Convenient Love (Tim)

I agree with Tyson that the relationships in The Great Gatsby are fake, and only exist to serve some other motive. As Tyson points out: Tom uses his relationships for his own sense of importance, Daisy uses Tom to avoid her feelings for Gatsby, and Gatsby uses Daisy as a goal: Social class personified. Tom is obviously not in love with either Myrtle or Daisy. The fact that he needs another woman is proof that he doesn't love Daisy, and lying about her religion is proof he does not love Myrtle. Myrtle loves Tom only as an escape from poverty, demonstrated by her disgust in the fact that "[Wilson] borrowed somebody’s best suit to get married in" (chapter 2).

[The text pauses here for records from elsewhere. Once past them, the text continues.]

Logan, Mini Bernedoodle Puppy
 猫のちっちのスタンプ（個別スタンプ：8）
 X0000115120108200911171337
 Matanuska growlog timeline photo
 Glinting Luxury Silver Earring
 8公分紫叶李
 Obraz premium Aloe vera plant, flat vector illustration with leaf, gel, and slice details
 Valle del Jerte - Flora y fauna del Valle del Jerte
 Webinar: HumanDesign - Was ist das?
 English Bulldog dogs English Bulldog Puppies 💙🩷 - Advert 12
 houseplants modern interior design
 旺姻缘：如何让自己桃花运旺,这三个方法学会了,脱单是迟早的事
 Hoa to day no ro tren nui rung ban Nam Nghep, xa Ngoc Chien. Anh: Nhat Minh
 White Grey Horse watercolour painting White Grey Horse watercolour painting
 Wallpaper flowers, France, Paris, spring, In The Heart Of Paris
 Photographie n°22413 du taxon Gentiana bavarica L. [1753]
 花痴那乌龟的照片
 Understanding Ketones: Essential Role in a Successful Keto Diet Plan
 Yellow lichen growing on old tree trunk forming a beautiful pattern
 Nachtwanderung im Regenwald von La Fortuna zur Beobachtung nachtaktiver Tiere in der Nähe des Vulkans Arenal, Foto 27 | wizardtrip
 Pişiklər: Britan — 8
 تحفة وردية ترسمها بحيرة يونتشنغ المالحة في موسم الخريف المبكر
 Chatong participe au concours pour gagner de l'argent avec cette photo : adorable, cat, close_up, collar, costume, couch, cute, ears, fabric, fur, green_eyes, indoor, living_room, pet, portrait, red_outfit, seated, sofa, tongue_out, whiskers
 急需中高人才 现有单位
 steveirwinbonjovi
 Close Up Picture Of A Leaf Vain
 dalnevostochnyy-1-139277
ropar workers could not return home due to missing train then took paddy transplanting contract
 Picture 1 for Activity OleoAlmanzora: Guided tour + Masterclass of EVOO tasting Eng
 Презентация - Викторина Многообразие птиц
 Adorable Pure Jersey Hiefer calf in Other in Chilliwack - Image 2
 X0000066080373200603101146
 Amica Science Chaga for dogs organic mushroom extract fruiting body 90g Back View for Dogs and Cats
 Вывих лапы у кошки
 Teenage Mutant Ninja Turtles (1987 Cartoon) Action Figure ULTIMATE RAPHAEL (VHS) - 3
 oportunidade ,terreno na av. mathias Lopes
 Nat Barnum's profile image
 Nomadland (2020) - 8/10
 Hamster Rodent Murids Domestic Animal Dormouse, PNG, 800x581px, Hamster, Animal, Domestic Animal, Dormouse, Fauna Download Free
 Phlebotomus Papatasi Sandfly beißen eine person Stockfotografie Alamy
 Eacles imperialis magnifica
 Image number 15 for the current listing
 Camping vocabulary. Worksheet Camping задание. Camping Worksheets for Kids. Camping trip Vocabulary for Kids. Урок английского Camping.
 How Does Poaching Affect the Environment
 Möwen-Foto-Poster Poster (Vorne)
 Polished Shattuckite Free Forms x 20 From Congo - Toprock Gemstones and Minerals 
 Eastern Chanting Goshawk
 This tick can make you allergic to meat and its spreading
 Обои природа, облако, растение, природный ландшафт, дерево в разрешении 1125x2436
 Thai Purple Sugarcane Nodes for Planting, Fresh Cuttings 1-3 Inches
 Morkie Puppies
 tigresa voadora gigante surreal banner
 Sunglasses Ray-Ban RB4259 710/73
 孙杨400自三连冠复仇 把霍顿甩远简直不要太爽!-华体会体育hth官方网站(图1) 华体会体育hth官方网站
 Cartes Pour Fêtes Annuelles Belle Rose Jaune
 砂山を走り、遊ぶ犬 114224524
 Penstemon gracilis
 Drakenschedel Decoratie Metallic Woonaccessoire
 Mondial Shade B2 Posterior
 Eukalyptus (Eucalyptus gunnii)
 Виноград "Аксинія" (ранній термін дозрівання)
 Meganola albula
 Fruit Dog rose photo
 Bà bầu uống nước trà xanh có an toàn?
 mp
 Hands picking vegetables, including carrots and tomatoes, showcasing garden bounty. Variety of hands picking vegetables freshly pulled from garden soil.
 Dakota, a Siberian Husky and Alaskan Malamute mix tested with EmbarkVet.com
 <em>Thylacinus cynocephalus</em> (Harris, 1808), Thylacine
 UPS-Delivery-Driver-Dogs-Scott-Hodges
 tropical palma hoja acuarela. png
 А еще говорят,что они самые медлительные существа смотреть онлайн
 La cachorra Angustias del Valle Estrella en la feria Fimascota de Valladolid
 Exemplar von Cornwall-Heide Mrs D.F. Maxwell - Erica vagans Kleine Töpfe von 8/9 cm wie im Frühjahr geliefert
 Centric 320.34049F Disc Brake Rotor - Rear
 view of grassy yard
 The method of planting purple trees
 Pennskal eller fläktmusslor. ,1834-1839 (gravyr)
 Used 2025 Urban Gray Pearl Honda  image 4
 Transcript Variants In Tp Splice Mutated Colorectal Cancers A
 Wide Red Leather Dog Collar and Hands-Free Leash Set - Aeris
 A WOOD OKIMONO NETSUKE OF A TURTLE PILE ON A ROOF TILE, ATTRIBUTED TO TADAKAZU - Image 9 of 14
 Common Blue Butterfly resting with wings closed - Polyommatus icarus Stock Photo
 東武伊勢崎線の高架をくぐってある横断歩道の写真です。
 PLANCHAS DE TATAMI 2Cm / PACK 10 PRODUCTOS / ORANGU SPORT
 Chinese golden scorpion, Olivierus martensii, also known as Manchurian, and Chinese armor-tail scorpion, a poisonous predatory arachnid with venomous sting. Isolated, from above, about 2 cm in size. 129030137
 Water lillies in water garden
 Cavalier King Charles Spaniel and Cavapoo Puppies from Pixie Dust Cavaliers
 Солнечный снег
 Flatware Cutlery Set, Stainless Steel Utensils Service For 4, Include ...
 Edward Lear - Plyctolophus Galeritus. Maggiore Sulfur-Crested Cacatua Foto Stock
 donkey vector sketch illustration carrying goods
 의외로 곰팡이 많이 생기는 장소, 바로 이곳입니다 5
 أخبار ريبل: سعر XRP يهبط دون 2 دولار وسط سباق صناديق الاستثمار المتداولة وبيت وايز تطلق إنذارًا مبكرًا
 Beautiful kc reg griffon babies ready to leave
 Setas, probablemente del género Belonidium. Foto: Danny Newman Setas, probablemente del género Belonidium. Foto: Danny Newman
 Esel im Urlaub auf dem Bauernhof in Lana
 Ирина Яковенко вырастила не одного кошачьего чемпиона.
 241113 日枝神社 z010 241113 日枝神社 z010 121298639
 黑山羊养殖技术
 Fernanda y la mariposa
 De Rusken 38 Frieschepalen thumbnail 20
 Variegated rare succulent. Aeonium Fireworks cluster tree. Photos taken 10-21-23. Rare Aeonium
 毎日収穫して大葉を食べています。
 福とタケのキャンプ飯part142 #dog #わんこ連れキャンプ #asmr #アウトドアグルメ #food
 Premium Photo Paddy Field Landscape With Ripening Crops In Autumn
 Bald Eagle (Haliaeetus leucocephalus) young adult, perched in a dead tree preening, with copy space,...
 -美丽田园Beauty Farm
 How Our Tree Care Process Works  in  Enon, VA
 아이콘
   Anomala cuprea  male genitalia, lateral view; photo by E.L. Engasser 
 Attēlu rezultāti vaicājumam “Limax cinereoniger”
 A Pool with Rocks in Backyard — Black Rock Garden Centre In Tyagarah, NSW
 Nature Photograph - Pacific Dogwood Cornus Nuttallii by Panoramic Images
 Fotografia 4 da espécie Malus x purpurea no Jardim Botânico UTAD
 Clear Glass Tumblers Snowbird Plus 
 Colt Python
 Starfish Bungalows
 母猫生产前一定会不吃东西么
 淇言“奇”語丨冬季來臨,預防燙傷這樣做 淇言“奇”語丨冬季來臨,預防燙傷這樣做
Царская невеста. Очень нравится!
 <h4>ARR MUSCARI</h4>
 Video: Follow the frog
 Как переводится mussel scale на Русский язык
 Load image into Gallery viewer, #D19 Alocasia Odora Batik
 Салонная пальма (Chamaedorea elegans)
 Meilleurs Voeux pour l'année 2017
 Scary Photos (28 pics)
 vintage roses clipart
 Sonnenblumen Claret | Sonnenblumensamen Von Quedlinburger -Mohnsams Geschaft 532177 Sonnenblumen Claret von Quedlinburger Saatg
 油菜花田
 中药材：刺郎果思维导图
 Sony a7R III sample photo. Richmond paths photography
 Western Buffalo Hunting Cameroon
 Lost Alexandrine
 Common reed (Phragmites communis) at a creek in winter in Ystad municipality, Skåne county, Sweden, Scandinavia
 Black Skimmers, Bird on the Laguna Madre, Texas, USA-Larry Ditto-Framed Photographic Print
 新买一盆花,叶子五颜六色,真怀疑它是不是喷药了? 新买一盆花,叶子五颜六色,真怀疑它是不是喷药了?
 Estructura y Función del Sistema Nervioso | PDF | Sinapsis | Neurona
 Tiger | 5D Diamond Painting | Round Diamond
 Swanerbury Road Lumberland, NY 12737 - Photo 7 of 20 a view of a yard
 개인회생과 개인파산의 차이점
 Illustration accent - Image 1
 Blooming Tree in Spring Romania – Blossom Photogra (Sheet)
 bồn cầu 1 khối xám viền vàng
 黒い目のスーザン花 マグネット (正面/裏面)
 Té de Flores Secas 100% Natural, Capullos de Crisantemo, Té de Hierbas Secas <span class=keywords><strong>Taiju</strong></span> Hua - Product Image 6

More than just Tom's relationships are false. Gatsby is not really in love with Daisy at all, he is in love with the high-class that she represents. In fact, passion is absent from Gatsby and Daisy's relationship, as Nick says in Chapter 8: "[Gatsby] felt married to [Daisy], that was all."

Tyson's psychoanalysis made me see Gatsby's love for Daisy as less than what I had previously perceived it to be. I had thought that theirs was the type of true love talked about in Disney movies. Now I see it as little more than a facade, used to hide true emotional handicaps.